# chipotle sauce



## chefrob (Feb 16, 2010)

here is something i thought i'd try while watering the garden today and it turned out good and spicy.....

gotta love romas in feb........



some mixed chili plants........


sliced the romas and chilis, separated a 1/2 onion, 4-5 cloves of garlic, and one small can of whole tomatoes with the juice...smoked for 2hrs


put everything in the blender with 1/2 cup of water, S&P and simmered for 30 min.......

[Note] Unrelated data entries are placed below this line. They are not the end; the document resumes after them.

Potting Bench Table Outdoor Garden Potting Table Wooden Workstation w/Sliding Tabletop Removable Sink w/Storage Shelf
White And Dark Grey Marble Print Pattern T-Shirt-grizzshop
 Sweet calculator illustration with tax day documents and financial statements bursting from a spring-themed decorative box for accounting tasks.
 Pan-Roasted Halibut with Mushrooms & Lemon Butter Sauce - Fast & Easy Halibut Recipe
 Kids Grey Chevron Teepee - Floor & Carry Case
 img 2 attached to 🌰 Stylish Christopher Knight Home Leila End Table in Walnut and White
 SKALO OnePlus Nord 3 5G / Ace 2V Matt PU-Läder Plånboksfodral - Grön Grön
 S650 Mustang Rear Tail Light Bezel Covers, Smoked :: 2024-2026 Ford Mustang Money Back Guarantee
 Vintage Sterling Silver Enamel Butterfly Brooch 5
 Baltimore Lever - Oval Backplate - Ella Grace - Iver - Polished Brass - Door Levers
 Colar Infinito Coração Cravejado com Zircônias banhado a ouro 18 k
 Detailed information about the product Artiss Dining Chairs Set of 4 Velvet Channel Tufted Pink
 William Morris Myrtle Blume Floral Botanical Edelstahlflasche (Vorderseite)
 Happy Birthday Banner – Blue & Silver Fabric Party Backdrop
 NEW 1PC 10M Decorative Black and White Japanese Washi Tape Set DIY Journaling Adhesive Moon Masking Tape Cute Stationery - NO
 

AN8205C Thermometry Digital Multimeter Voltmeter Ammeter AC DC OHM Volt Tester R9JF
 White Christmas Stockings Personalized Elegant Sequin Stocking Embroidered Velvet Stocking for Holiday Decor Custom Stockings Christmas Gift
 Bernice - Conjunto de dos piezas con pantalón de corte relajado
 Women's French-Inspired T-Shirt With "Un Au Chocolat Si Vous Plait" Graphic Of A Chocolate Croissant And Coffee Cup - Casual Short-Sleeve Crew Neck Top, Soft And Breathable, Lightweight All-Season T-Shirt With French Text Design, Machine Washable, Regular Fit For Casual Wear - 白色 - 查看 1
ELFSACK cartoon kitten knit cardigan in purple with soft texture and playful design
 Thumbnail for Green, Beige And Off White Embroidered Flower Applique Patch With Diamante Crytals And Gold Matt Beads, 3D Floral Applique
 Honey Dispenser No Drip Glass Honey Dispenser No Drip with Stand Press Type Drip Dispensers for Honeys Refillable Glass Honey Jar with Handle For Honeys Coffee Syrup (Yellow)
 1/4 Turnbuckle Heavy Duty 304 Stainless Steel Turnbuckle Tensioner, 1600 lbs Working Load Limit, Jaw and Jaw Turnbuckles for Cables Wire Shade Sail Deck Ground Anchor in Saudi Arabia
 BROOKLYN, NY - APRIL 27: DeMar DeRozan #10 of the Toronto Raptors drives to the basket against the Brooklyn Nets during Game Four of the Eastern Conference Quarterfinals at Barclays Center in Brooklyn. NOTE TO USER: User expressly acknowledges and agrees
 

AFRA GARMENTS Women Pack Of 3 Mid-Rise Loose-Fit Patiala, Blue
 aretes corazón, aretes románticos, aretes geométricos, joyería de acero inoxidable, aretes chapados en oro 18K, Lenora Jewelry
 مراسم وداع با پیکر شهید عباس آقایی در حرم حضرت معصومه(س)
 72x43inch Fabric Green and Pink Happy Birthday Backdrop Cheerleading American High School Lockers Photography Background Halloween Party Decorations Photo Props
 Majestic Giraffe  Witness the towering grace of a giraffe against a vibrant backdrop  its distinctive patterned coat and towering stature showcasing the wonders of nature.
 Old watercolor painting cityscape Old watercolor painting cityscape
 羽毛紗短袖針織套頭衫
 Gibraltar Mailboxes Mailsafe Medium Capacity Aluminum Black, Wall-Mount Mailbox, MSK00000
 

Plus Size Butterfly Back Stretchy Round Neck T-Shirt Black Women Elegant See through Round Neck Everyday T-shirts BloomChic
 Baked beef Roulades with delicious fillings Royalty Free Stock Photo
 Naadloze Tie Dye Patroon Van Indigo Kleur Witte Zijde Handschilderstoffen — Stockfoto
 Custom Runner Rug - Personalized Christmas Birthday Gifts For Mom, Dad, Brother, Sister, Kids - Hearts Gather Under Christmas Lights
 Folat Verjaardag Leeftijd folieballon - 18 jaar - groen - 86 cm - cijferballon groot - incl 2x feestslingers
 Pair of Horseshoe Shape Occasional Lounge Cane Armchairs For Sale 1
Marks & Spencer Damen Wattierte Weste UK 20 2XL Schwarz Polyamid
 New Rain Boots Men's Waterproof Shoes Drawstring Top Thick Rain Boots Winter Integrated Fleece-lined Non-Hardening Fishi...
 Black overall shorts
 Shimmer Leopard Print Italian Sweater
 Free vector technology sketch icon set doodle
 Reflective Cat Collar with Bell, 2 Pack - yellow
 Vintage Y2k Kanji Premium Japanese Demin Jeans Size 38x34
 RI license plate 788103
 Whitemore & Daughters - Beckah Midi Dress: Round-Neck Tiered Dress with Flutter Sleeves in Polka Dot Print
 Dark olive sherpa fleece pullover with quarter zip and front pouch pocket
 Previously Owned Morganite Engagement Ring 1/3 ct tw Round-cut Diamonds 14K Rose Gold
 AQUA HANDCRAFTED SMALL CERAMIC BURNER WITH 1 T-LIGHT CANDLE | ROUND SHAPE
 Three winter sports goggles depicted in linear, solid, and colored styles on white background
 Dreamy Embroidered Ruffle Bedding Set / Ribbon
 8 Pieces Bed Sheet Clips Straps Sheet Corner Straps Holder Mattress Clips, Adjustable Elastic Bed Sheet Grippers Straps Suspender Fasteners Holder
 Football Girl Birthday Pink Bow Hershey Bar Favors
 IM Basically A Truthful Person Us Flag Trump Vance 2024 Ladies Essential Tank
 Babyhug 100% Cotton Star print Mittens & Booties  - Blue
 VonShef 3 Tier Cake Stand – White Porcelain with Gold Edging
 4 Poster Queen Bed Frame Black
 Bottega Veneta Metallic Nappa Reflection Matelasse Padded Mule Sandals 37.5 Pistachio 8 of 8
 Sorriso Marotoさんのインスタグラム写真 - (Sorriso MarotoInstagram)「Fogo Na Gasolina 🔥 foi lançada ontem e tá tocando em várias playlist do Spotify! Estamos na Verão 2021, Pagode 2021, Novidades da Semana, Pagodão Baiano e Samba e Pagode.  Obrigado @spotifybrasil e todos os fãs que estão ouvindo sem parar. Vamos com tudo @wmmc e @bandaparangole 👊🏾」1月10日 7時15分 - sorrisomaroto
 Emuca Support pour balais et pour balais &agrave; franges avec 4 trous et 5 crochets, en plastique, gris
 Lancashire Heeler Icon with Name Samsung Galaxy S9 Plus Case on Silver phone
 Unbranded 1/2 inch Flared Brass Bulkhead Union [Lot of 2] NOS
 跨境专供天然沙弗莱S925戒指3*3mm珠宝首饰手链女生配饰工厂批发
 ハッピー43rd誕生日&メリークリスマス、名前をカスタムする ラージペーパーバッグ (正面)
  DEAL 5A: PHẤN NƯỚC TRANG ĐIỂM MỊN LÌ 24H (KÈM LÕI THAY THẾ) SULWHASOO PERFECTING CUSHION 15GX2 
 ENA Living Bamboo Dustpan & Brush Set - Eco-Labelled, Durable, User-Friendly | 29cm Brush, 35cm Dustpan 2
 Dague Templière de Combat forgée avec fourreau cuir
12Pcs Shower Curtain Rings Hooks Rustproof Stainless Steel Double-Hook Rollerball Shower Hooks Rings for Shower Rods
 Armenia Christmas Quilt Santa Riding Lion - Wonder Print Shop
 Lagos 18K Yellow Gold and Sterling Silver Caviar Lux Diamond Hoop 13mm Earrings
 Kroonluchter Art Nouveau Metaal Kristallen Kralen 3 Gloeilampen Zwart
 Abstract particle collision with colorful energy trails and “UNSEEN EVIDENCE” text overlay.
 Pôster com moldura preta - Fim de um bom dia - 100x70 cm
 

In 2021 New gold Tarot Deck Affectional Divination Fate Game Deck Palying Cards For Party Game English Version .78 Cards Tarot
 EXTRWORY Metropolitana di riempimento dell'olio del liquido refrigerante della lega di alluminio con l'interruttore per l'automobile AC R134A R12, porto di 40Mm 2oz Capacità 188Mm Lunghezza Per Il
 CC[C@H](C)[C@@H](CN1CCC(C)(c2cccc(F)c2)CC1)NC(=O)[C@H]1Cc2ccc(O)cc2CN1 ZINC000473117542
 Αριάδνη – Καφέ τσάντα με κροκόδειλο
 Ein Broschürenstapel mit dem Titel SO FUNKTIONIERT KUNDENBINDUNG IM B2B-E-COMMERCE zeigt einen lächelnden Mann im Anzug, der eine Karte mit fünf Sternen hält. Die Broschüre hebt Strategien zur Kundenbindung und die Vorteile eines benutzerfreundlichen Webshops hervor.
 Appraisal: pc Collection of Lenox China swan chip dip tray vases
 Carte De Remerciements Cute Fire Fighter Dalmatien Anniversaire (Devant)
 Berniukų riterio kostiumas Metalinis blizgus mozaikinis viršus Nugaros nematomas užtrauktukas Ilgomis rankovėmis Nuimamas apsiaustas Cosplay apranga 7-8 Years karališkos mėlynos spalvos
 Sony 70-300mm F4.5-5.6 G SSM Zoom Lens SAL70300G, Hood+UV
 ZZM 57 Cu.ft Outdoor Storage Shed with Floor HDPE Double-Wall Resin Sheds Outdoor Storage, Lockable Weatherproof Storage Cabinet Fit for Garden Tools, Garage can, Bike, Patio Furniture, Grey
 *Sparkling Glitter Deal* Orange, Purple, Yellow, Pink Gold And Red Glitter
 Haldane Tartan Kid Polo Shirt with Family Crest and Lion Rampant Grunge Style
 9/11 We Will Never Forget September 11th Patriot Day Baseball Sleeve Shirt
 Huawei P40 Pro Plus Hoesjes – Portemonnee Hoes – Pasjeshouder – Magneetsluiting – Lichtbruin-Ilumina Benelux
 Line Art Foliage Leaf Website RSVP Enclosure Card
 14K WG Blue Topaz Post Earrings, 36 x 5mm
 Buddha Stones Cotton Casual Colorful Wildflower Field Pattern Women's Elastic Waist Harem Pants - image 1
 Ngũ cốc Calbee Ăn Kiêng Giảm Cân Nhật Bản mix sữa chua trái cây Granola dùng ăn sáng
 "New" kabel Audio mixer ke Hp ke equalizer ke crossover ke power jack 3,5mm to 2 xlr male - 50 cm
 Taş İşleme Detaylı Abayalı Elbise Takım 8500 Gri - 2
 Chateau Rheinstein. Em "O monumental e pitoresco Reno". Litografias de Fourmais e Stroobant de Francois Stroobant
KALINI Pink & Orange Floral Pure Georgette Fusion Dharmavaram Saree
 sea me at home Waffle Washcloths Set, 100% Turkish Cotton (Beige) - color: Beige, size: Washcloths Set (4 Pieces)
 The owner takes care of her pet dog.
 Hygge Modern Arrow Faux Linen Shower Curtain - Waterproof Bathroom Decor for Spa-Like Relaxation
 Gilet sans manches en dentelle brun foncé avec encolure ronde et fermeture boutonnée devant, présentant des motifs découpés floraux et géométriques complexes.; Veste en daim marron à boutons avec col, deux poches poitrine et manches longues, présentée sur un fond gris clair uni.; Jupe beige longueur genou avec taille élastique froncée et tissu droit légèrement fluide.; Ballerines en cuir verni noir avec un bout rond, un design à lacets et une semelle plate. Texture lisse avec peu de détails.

this came out really nice, smokey, tomato sweet, and spicy! now i need to freeze in icecube trays for future use.


----------



## scarbelly (Feb 16, 2010)

I have some room in my freezer and that looks great. Can ya send me a few cubes for Q C purposes.


----------



## chefrob (Feb 16, 2010)

it might just make the overnight flight with some dry ice!


----------



## jak757 (Feb 16, 2010)

Rob -- great looking/sounding sauce!  I'm going to make some here...when the weather changes drastically and we can grow our tomatos!  I am jealous about being able to grow those and peppers in Feb!  My wife and I have been talking about retiring to somewhere warmer....this makes me want to do it now!  Especially with another 5 inches of snow in the last 24 hours....

Great job as always Rob.


----------



## brohnson (Feb 16, 2010)

WOW a garden in Feb. I've never seen such a thing the only thing growing in my garden now is SNOW!!! :)


----------



## fire it up (Feb 25, 2010)

Gardening in the middle of winter...
My first little seedlings just came up today for this years garden...Winter Rye is covered with snow with another 8-12 inches on the way today.
I'm shaking my fist with envy right now, but at least gardening season will be here soon and many tasty veggies will follow.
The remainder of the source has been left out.